The road of excess leads to the palace of wisdom. - Wm. Blake

Saturday, April 22, 2006

Earth Day Post

Well, we've got crummy weather here, so instead of planting a tree, a couple things about Rachel Carson.

First, one of the icons of Pittsburgh is the Three Sisters bridges, once known as the 6th, 7th, and 9th Street Bridges. When they built PNC Park beside the 6th, they renamed it the Roberto Clemente Bridge (a lot of people had argued for naming the ballpark after Roberto, but when the humanitarian martyr's widow didn't pony up the $20M, well, you know). They close the bridge to cars on gamedays, and the walk over from Downtown has become one of our great gameday traditions. The folks at The Warhol, which was already near the 7th St. Bridge, then got the idea, so that one is now the Andy Warhol Bridge, after Pittsburgh's favorite son who got the hell out of town once he reached his majority (actually, he was a good Pittsburgh boy at heart - he lived with his mother, Julia, a sweet old Carpatho-Rusyn baba who lived upstairs from the Factory. Really.). I don't recall who first floated the idea, but someone was smart enough to suggest Rachel Carson for the 9th St. Bridge, and the dedication ceremony is today. Rachel grew up about ten miles upriver (where her Homestead is preserved as an environmental center) and went to school here, so it's a great monument.

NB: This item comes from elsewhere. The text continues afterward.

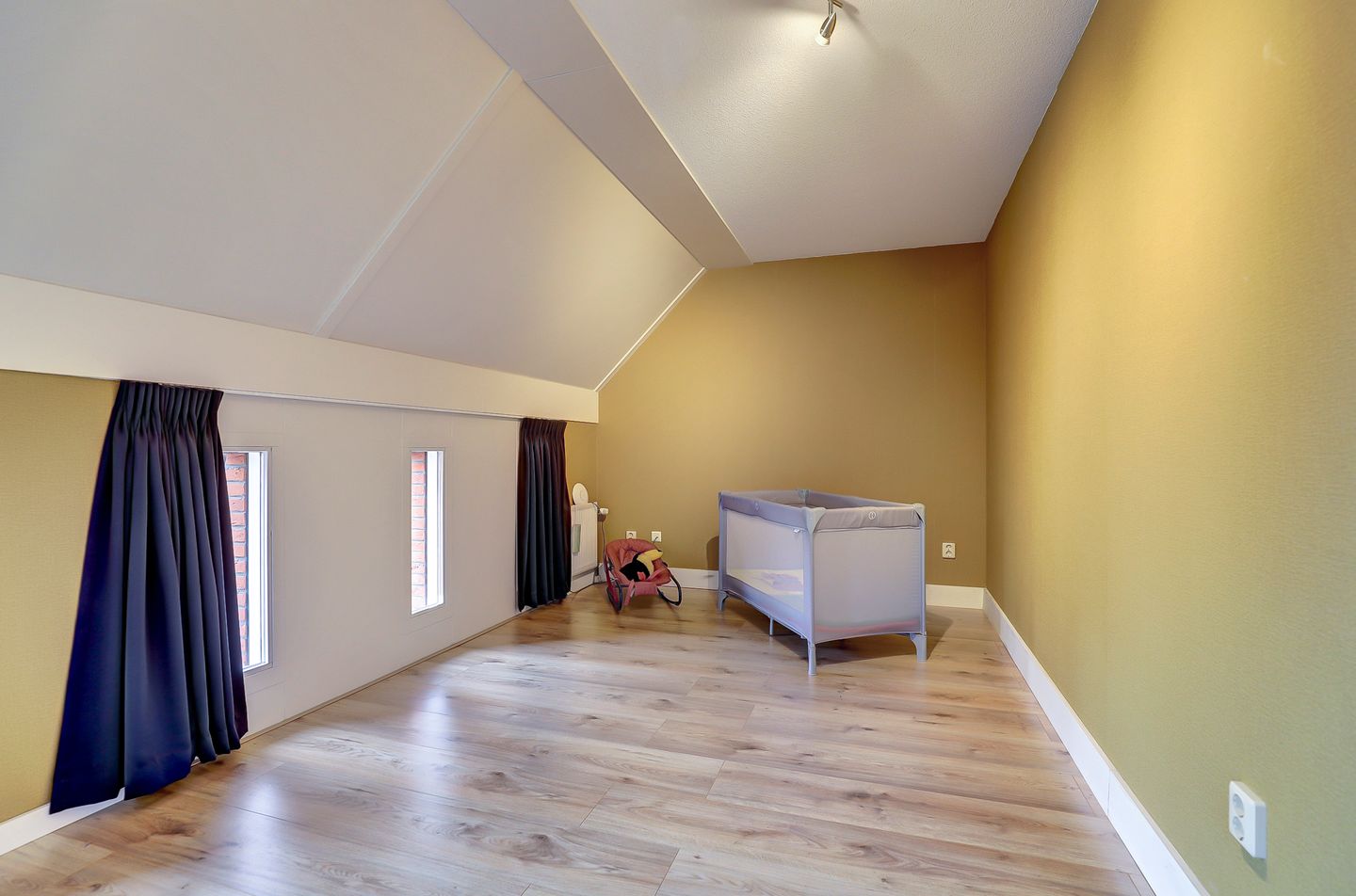 Foto 34 van Aardbeienstraat 14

The dedication was the cause for an excellent editorial in today's Post-Gazette. Fiona Fisher, who's the coordinator for the upcoming 2007 Rachel Carson Centennial, writes to debunk the "confounding charge [that Rachel Carson is responsible for every single death caused by malaria in Africa] which is repeated with monotonous frequency on special-interest Web pages, right-wing radio shows and in less than open-minded newspapers." This has come up repeatedly on Crooked Timber, and Tim Lambert at Deltoid has done yeoman's work in knocking it down. But for those few souls who may not read CT religiously, this column is a firm rebuttal. With a nice note about raptor recovery at the end, I might add.

On a minor note, I was tickled to learn that Charles Schultz, who had such an idiosyncratic relationship with pop culture with his strips, included Carson in at leats one early-60s strip. Lucy quotes her - it's obvious that she looked up to Carson as a hero, and that she was. For fussbudgets and the rest of us.